Social enterprises are businesses designed to fulfil a social or environmental mission, and there are around 6,000 in Scotland.

They employ around 90,000 people north of the border and contribute £2.3 billion to the economy.

The letter – which includes signatories from the United States, Italy, Australia and Japan, as well as others – said the support infrastructure for social enterprises in Scotland needed to be “nurtured and supported, rather than being placed in jeopardy at this crucial time”.

Mr Roy said: “My colleagues around the world were especially shocked at the decision given Scotland’s hard-won reputation as a leader internationally on social enterprise. I have colleagues in Canada that teach about Senscot’s approach in their university degree programmes.

“I’ve had emails of support from senior professors in England and across Europe who have worked with Senscot over many years on different projects.

“They consider Senscot’s approach and leadership to be an example of international best practice.

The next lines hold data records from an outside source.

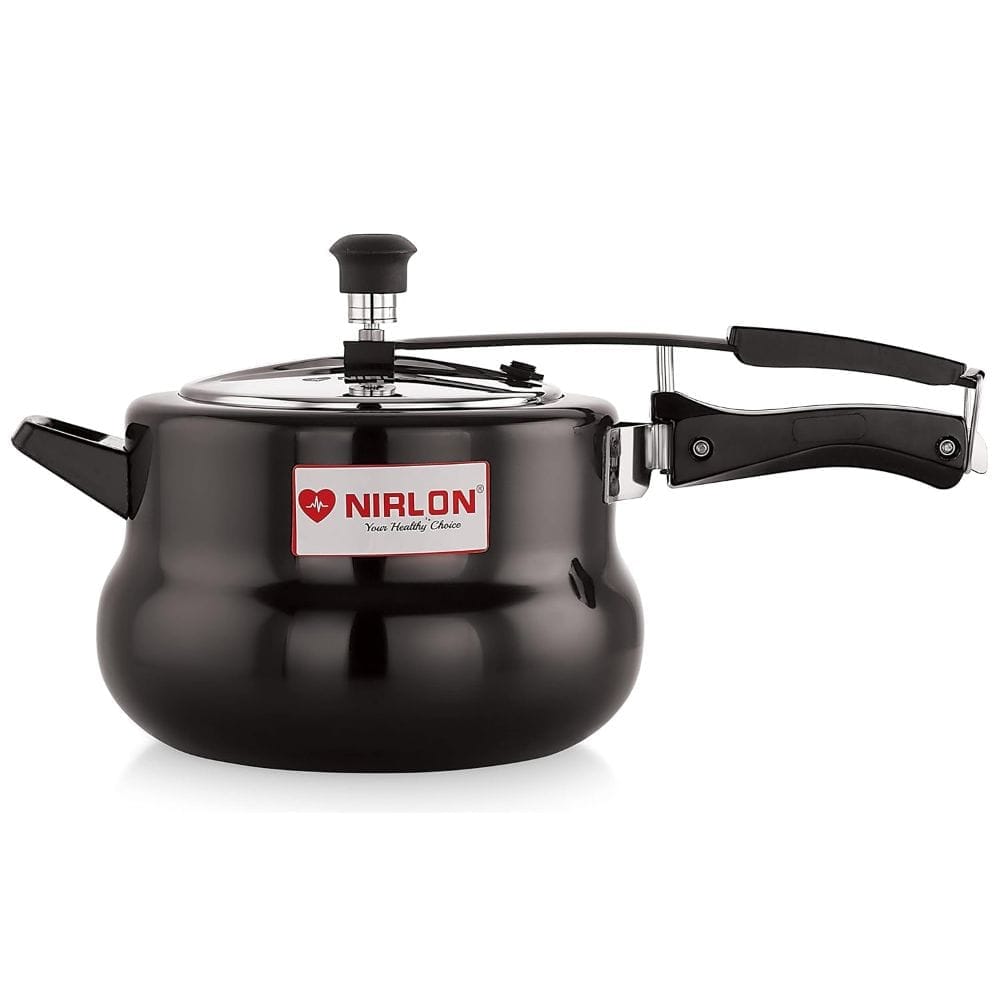 Nirlon Induction and Gas Compatible Hard Anodised Handi Shape Inner Lid Aluminium Pressure Cooker, 5 Litre, Black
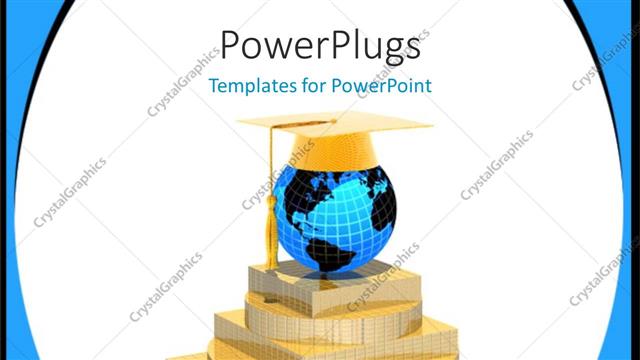  Presentation with graduation - Brown colored pyramid with an earth globe and a graduation cap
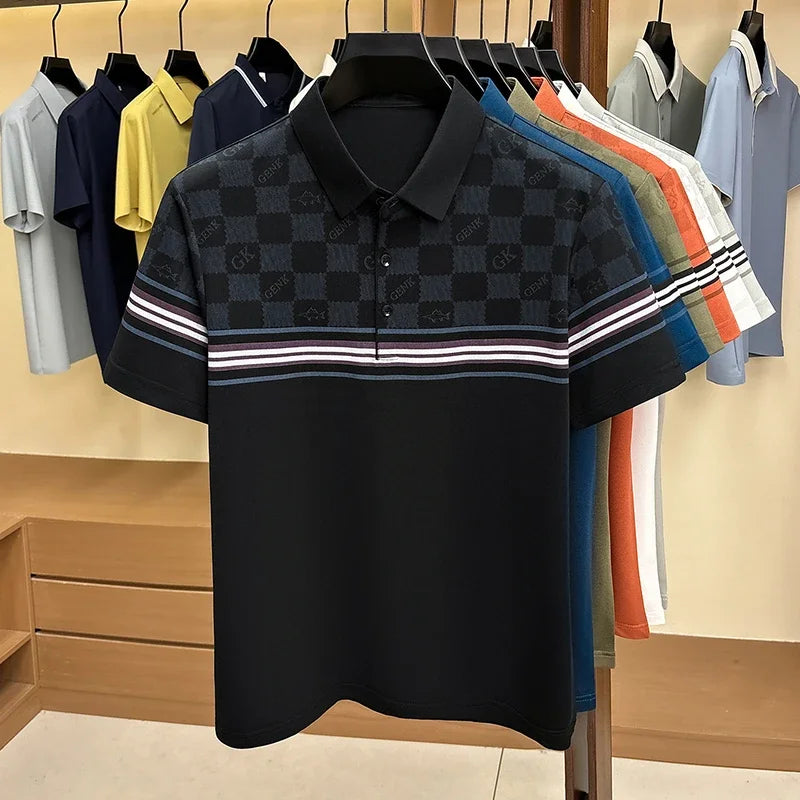 Mens Half Checkered Letter Print Stripe Splicing Short Sleeve Polo Shirts Soft  Breathable Business Casual Tops For Summer Daily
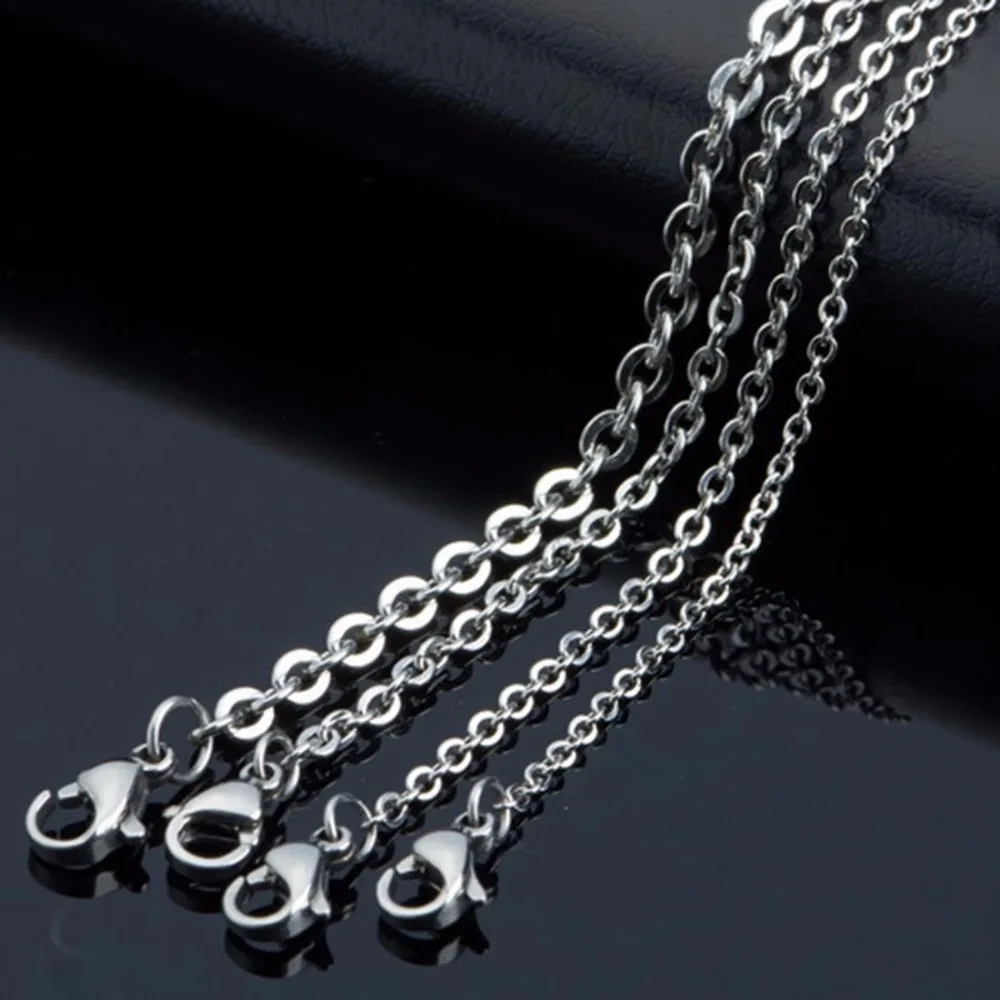 

1.5/2/2.4/3.2mm 16"-40" 100pcs/Lot Wholesale Silver Color Stainless Steel Cross Chain Men Necklace Finding Pendant DIY Jewelry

Colleagues in Australia are presently working to create their own support infrastructure for social enterprise based on Senscot model.”

Ms Robison said the Scottish Government was working “with both current organisations to ensure the successful development of a single organisation”.

“We set out our plan last year to fund a single intermediary body with responsibility for representing and advocating for the social enterprise sector,” she said.

“There was an open and transparent selection process by an Independent Assessment Panel but of course we can understand there will be disappointment from the candidate who was not appointed.

“The decision has been well communicated and the sector has also been clear that it wants transformational change.

“I want the diverse voices of the sector to influence the future direction and set the priorities for the new single body and for it to become fully representative of, and responsive to, the social enterprise sector.”

Senscot was created in 2010 following a merger of Social Firms Scotland and Social Entrepreneurs Network Scotland, and it said that over the past two decades it had supported the development and growth of social enterprises in the country as well as developing its support infrastructure.